In August 1939, Dejoie was accused of conspiracy to murder his nephew Prudhomme John Earl Dejoie, in an incident that became known as the "Dejoie Affair". C.C. Dejoie was subsequently cleared of the allegation, while a friend and Unity Life employee Henry Wilcox was convicted. Late in the Great Depression, Dejoie sold his interests in Unity Life.

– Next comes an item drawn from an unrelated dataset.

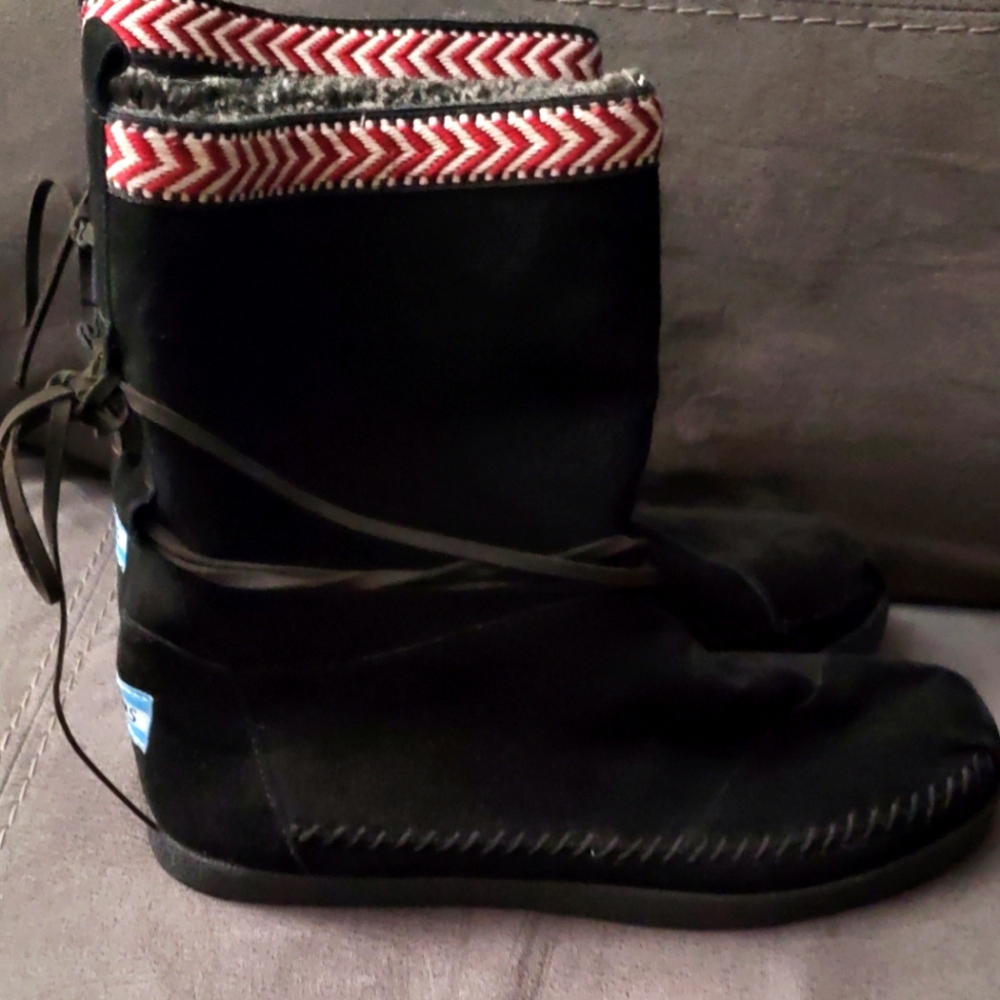 TOMS Nepal suede boots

With former New Orleans public school teacher O.C.W. Taylor, Dejoie founded The Louisiana Weekly newspaper in 1925. The intent of the newspaper was to provide an outlet and a voice for the African-American community, a serious need in the Jim Crow South of the time. Dejoie and Taylor provided $2000 for initial financing, and they established its offices at the corner of Gravier St. and Saratoga St. (now Loyola Ave.) at the black-owned Pythian Temple Building. Its first publication was on September 19, 1925, published under the name The New Orleans Herald. However, it was renamed The Louisiana Weekly less than one month later. Taylor left The Louisiana Weekly after one year, leaving management of the enterprise entirely to Dejoie. In the early years of the publication, Dejoie made use of his business associates to sell the newspaper and to gather information for publication.

Dejoie died in 1970.

== Personal life ==
Dejoie married Vivian Baxter in 1914 with whom he subsequently had three children, Constant Charles Jr., Vivian (Mrs. John V. Roussell) and Henry Baxter. Dejoie's descendants, including Renette Dejoie-Hall, continued to serve in editorial capacities of The Louisiana Weekly at least until 2014.